Boeing has completed the first test flight of the US Army's first enhanced medium altitude reconnaissance and surveillance system (EMARSS) engineering, manufacturing and development (EMD) aircraft at Beechcraft's facility in Wichita, Kansas, US.
Lasting more than four hours, the test flight comprehensively validated the aircraft's aerodynamic handling qualities, systems performance and autopilot functions.
Carried out following ground tests that included a high-speed taxi trial, the testing represents a significant milestone forward on the path to limited user tests and the Milestone C low-rate initial production (LRIP) decision.
Based on a Beechcraft King Air 350ER aircraft, EMARSS is an airborne intelligence, surveillance and reconnaissance (AISR) system, designed to provide brigade combat teams (BCTs) with the ability to accurately detect and track surface targets day or night, in all weather conditions.
Primarily intended to function as a single platform in support of tactical missions, the manned, medium-altitude aircraft is also capable of contributing to the joint overall AISR constellation by offering connectivity to tactical and national networks in the battlefield.
Scheduled to be assigned to the US Army Intelligence and Security Command's (INSCOM) Aerial Exploitation Battalions (AEB), the aircraft will feature an electro-optic and infrared (EO/IR) full-motion video sensor (FMV), communications intelligence collection system, and aerial precision guidance system.
Additional features include line-of-sight tactical and beyond line-of-sight communications suites (LOS/BLOS), as well as a self-protection suite and two operator workstations.

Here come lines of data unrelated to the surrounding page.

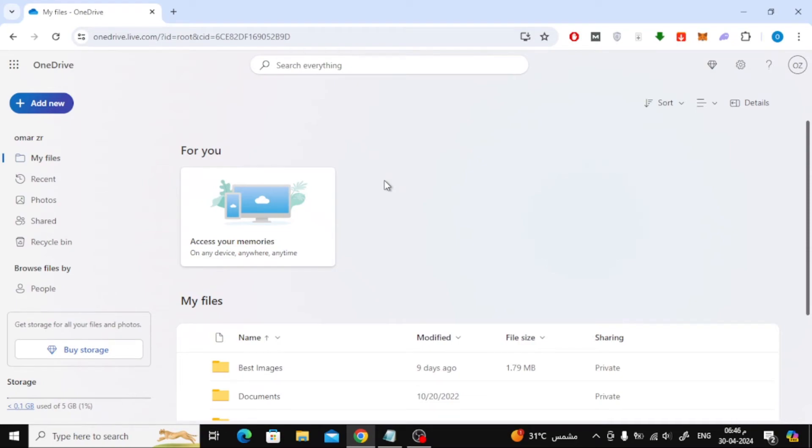In this video I will show you how to upload a file in OneDrive and how to create a shared link. First, open OneDrive and log into your account.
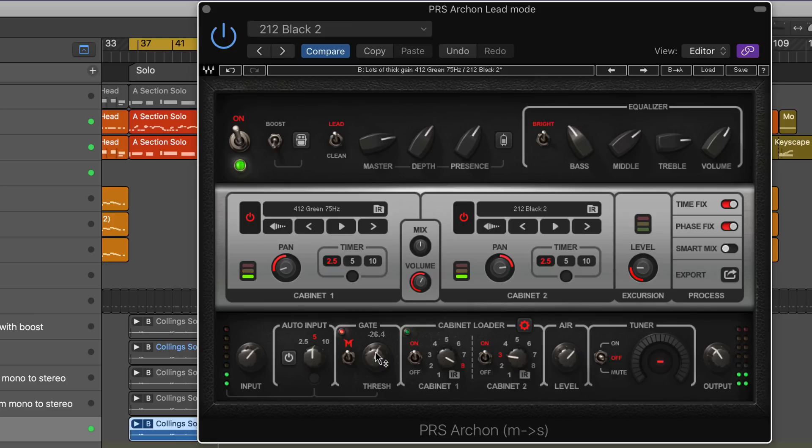So those are the new PRS Supermodels from Waves. Check them out and enjoy.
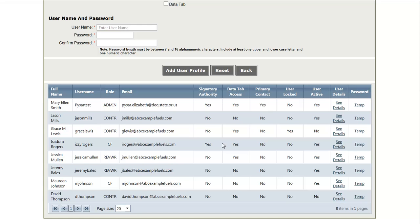This concludes the tutorial on the registration and account management process in the Clean Fuels Program online system. Thank you.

Boeing is currently developing four EMARSS aircraft as part of a two-year EMD contract awarded by the army in December 2010, which also includes options for the development of an additional two aircraft and six LRIP units, as well as supply of logistical support services.
Image: The EMARSS aircraft during its first test flight at Boeing's facility in Kansas, US. Photo: courtesy of Boeing.